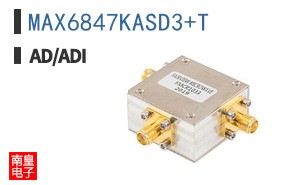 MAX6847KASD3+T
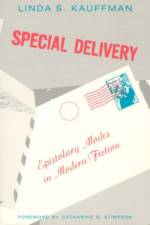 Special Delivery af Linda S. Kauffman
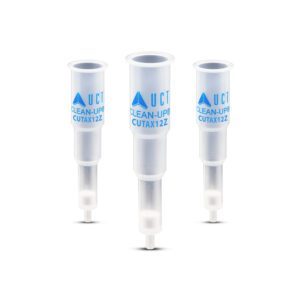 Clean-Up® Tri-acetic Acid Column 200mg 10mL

+---+

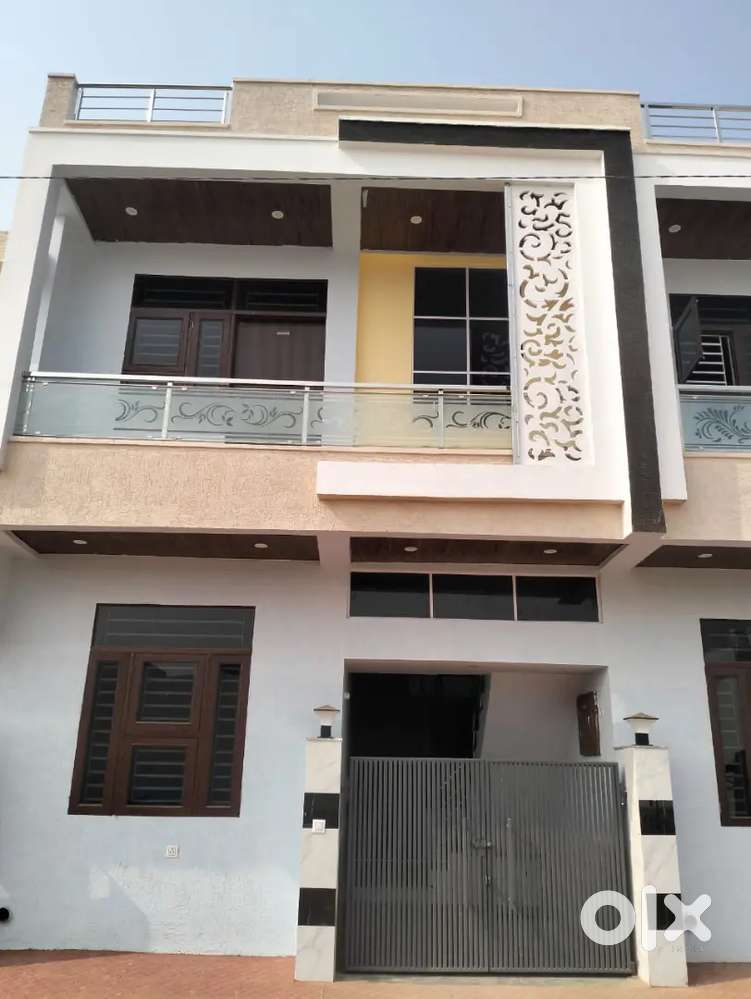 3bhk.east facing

+---+

#### What you are asked to do:
Using the records above, return verbatim only the part that opens with the line containing "MAX6847KASD3+T" and closes with the line containing "Clean-Up® Tri-acetic Acid Column 200mg 10mL"; pictures stay out.

#### Finished task:
 MAX6847KASD3+T
 Special Delivery af Linda S. Kauffman
 Clean-Up® Tri-acetic Acid Column 200mg 10mL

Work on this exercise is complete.